● **Crawled caption data**:
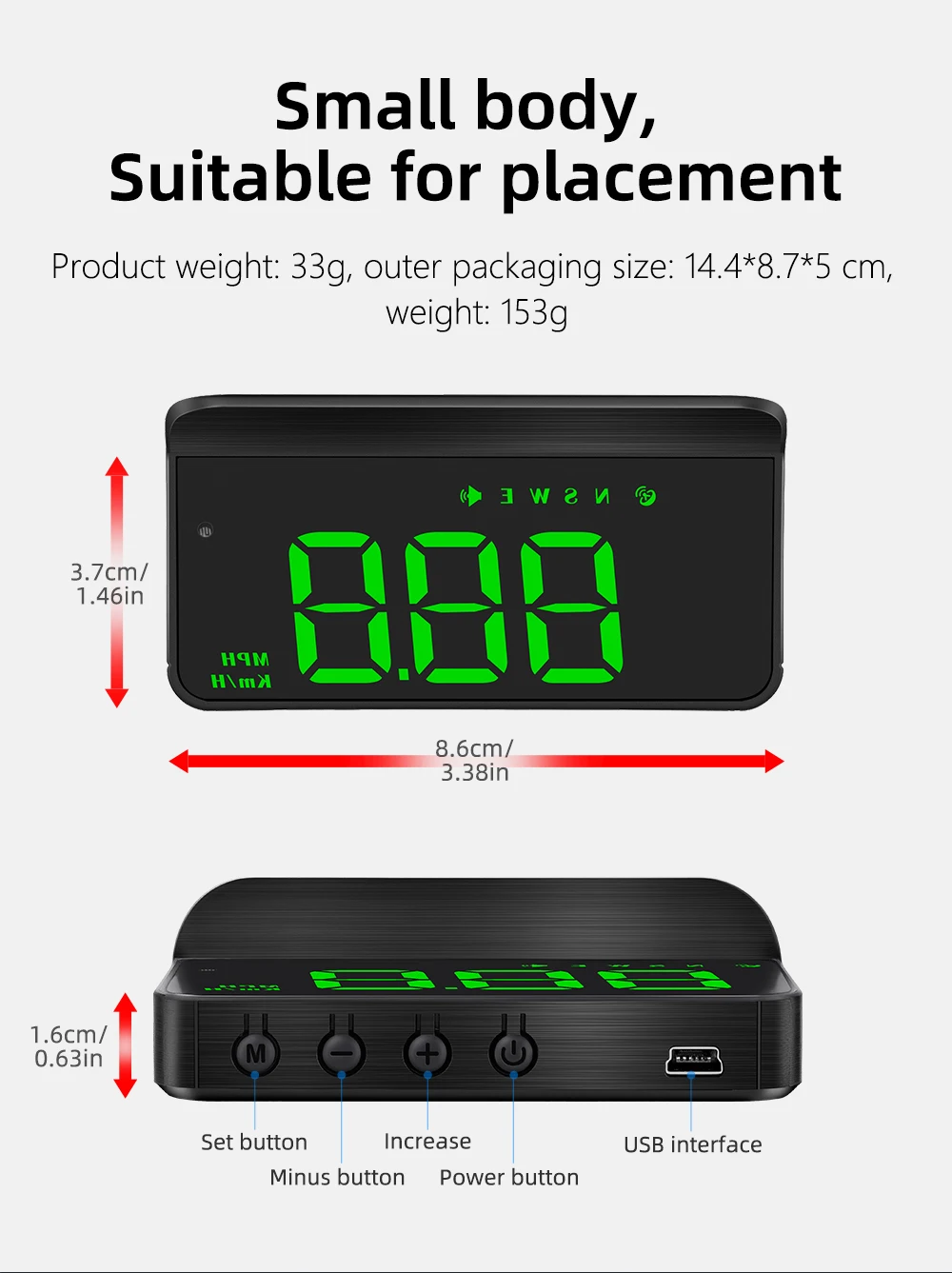 M1 HUD GPS Car Head Up Display on-board Computer Windshield Projector Digital Speedometer KMH MPH Monitor Electronic Accessories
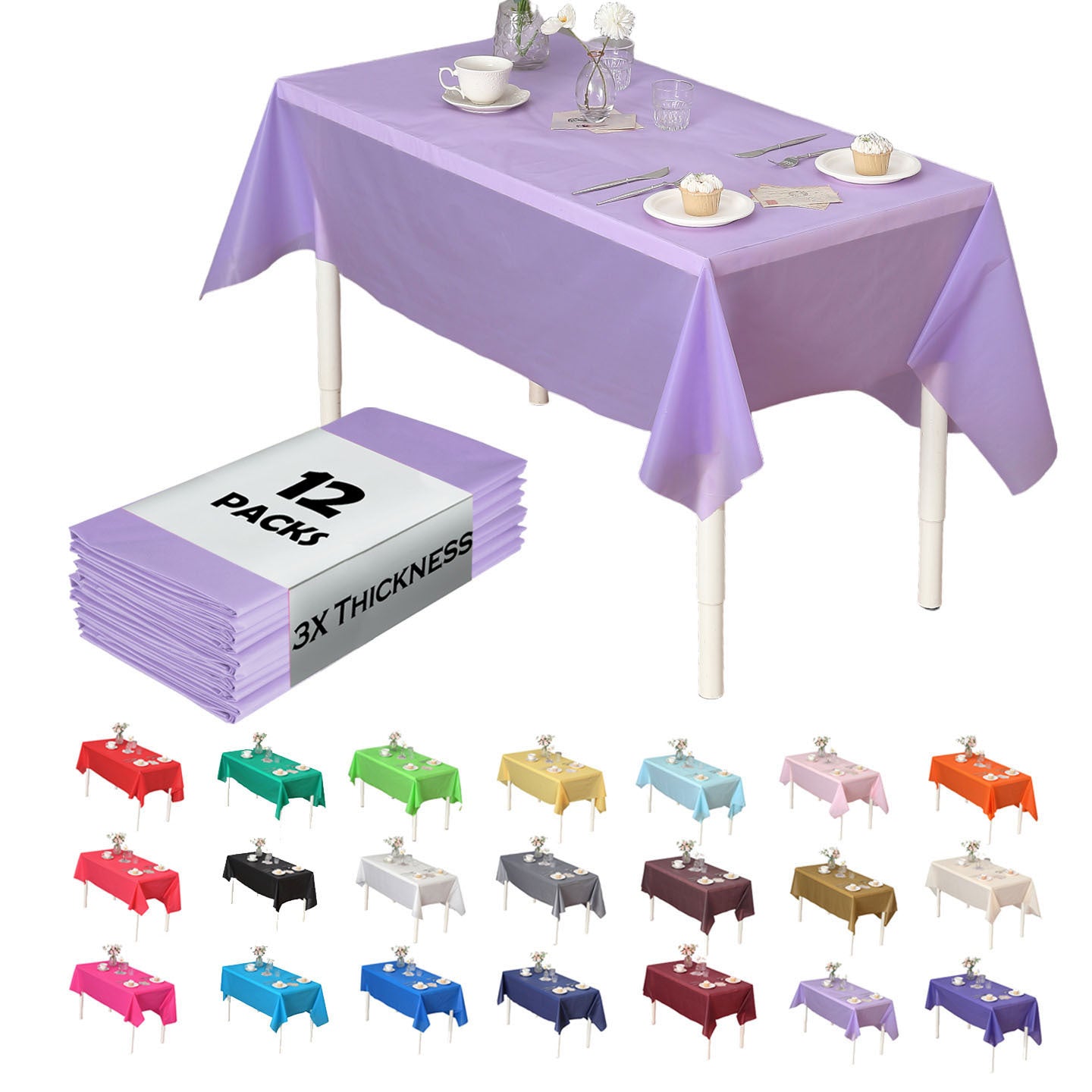 Heavy Duty Premium 12pcs Plastic Tablecloth, Disposable Tablecloth, Plastic Table Cover for Kitchen, Dinning Uses.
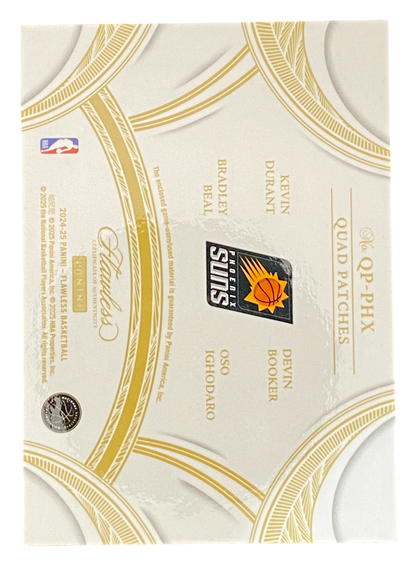 2024-25 Panini Flawless Quad Patches, Kevin Durant, Devin Booker, Bradley Beal, Oso Ighodaro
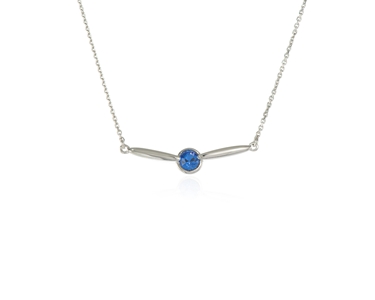 Cachet Swarovski Crystal  Lara Bar Necklace Rhodium Sapphire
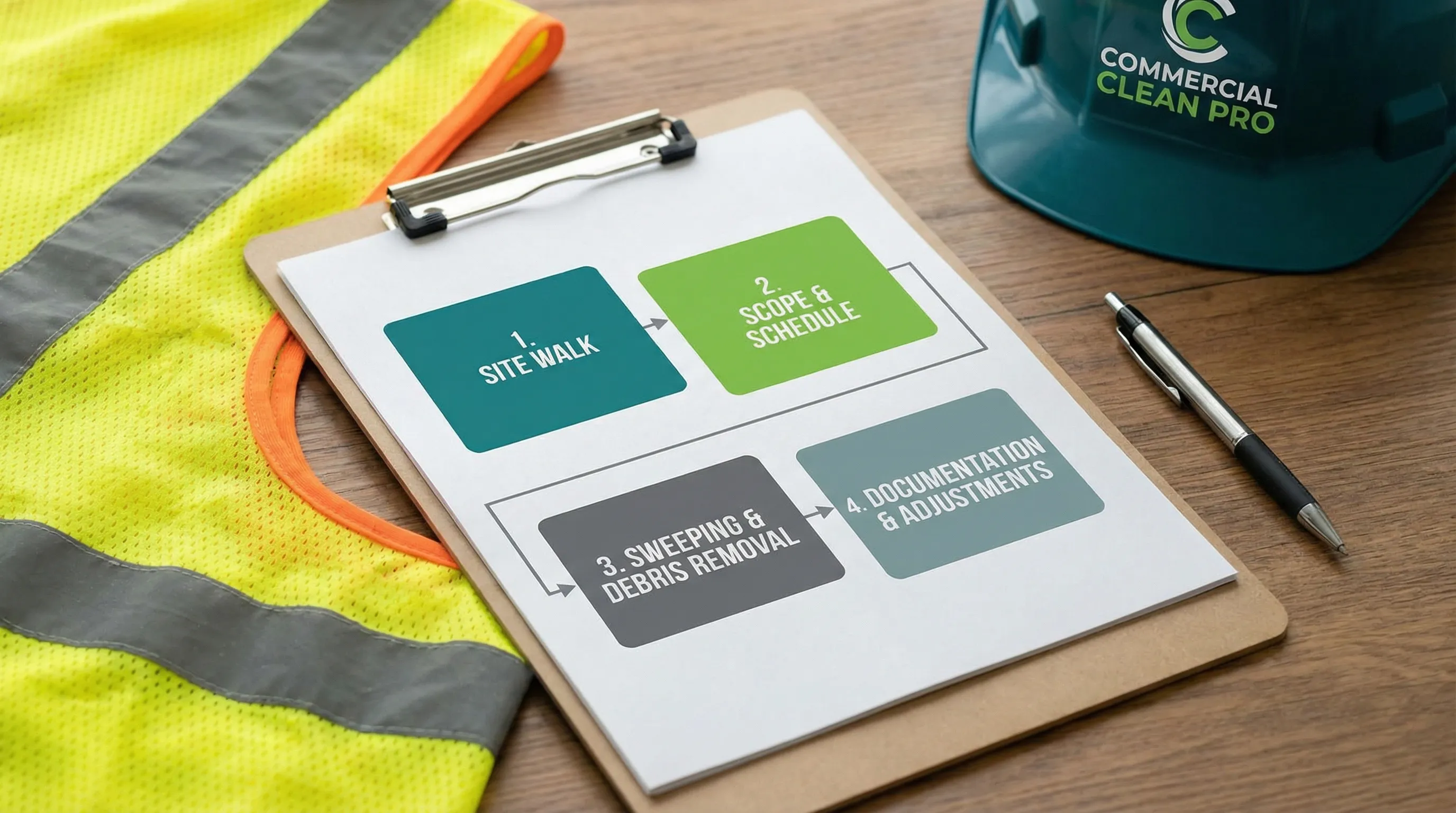 A simple four-step diagram showing the commercial cleanup service workflow: site walk, scope and schedule, sweeping and debris removal, documentation and adjustments.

● **Requirement**: Your copy should hold every record word for word and none of the pictures.

● **Solution below**:
 M1 HUD GPS Car Head Up Display on-board Computer Windshield Projector Digital Speedometer KMH MPH Monitor Electronic Accessories
 Heavy Duty Premium 12pcs Plastic Tablecloth, Disposable Tablecloth, Plastic Table Cover for Kitchen, Dinning Uses.
 2024-25 Panini Flawless Quad Patches, Kevin Durant, Devin Booker, Bradley Beal, Oso Ighodaro
 Cachet Swarovski Crystal  Lara Bar Necklace Rhodium Sapphire
 A simple four-step diagram showing the commercial cleanup service workflow: site walk, scope and schedule, sweeping and debris removal, documentation and adjustments.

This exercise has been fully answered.